Por ejemplo, Arthur, Malédiction tiene una historia más interesante fuera de la pantalla que dentro, aunque no sé quién podría haberse sorprendido. Children of Sin demostraba que se pueden hacer las cosas con las mejores intenciones -y con las vueltas del pan-. Y el número de producciones a las que todo parece darle igual menos el tema religioso, como la mezcla entre El código Da Vinci, las pelis de Marvel y… bueno. Esas cosas… que es The Devil Conspiracy. O como pasa con Hellbender. O con Hellhole.

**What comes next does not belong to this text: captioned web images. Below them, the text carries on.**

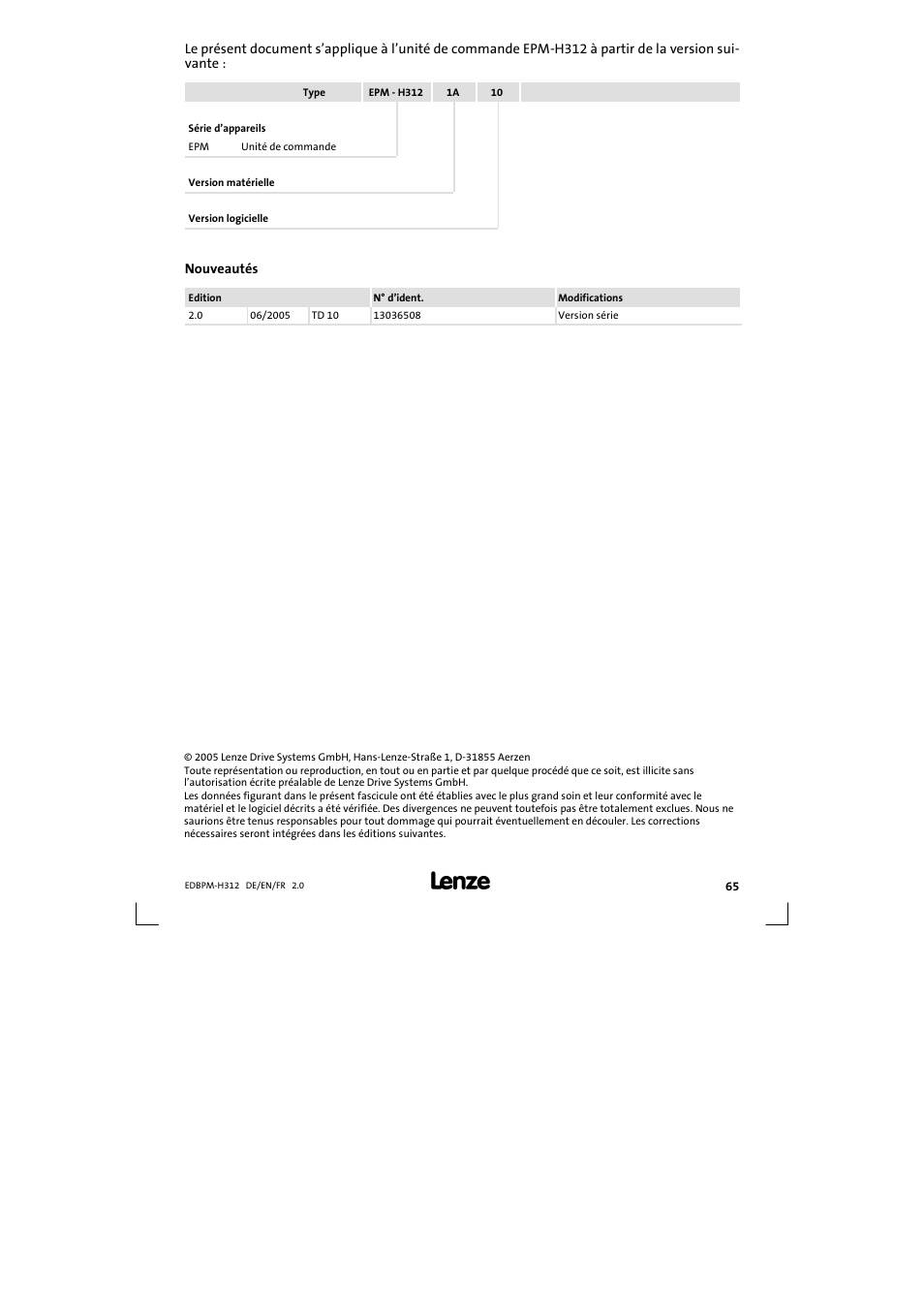 Le présent document s'applique à | Lenze EPM-H312 User Manual | Page 65 / 94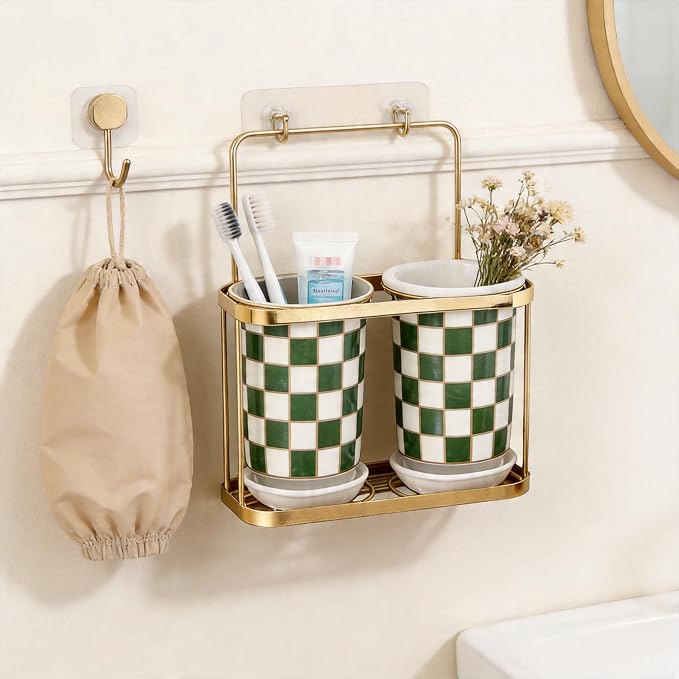 Multi-functional Ceramic Checkered Utensil Crocks,Kitchen Utensil Storage, Bathroom Checkered Bathroom Toothbrush Holder, Flatware Organizer & Home Accessory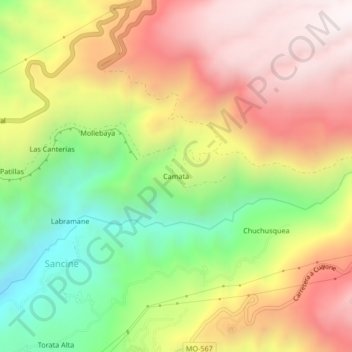 Camata topographic map, elevation, terrain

Lo que sí que os puedo decir es que este año el puesto 13 ha estado reñido. La ¿comedia fantástica? The Loneliest Boy in the World podría haber entrado, con su extraño giro hacia Lo Amblin. También en el último momento el Adult Swim Yule Log estuvo cerca de entrar. Por lo menos unos quince minutos. Lo que pasa es que todas estas, por uno u otro motivo, son las que no han logrado entrar en la lista final de las 13. Así que mejor damos paso a ellas en lugar de seguir dándoos la chapa por aquí.

13 – WE’RE ALL GOING TO THE WORLD’S FAIR

Como decía antes, han sido muchas vueltas pero estar tirado en casa hablando con extraños por internete me temo que está lejos de poder considerarse una excentricidad. Hacer los challenges, notar cambios de opinión y discutir con gente… casi menos. Pero bueno, uno va viéndolo y -más allá de lo que se opine de los tiempo y los presupuestos- logra ser tan inquietante como… bueno… como es la vida en internete en general. Ya sabéis, lo único más siniestro que el creepypasta es el costumbrismo.

12 – ORPHAN: FIRST KILL

De esto que hay veces que uno no esperaba que los giros que le han buscado a esta película -que es, además, una precuela- para intentar superar el de la primera… Sin duda han estado medidos y pensados. Lo cierto es que hay varios momentos de brillante desvergüenza para que no sea una obra más. Sino… una evolución desbocada de las películas de Lifetime.

11 – THE KILLING TREE

Uno de nuestros clásicos de nuestra lista de final de año es ‘el objeto inusitado que intenta matarnos’. Y este año el más increíble de los objetos con los que nos hemos cruzado (y nos hemos cruzado incluso un globo) ha sido… ¡Un árbol de navidad! Ya, ya, sé que Treevenge iba de algo parecido. Pero esta por lo demás es una película clásica de venganza, más o menos slasher sobrenatural, pero la persona en cuestión -y sí, es una persona- vuelve como árbol pero también con los cables y las lucecitas. A ratos más Evil Dead, otros más película de criatura de SyFy,  pero podemos reconocerles los arrestos por su contribución a esta categoría.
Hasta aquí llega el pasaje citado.